Median duration of remission was 10.7 months and one year survival was 38% for Schedule A. For the other schedules, median duration of remission has not been reached and one year survival is too early to evaluate.

Patients age 75 or older (N=49) with at least 1 additional risk factor at diagnosis, a population identified by the National Comprehensive Cancer Network (2010) AML Guidelines as having poor outcome to standard treatment,experienced a CR rate of 30% and a 30-day all-cause mortality of 5%.
Survival in these patients was too early to evaluate.

Based on trial results, Schedule C has been determined to be the recommended pivotal dose regimen. For Schedule C, response rates (CR and CRp) are 38%; 30- and 60-day all-cause mortality are 7% and 17% with improved tolerability over Schedule A."

Cyclacel is a NJ biotech developing an oral prodrug for AML, MDS and CTCL called sapacitabine, a nucleoside agent that targets DNA synthesis and cell cycle arrest.  Several phase II studies were presented at ASH, including interesting data on long term follow up in elderly AML patients from an MD Anderson study (#1061) and another in MDS (#1758). 

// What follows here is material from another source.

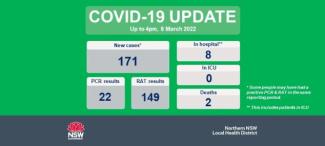 COVID-19 update: 9 March 2022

It should be noted that while the one-year follow up data looks promising in AML, the study design suffers from the same issue as tipifarnib, clofarabine, laromustine, and voreloxin in that there is no comparator arm from which to compare and determine if the investigational agent is actually significantly prolonging life in AML.

Overall, it was a disappointing meeting in AML and I sincerely hope that some mre enlightening data emerges in 2010 rather than face the dreaded precipice that Wolmark so pithily described.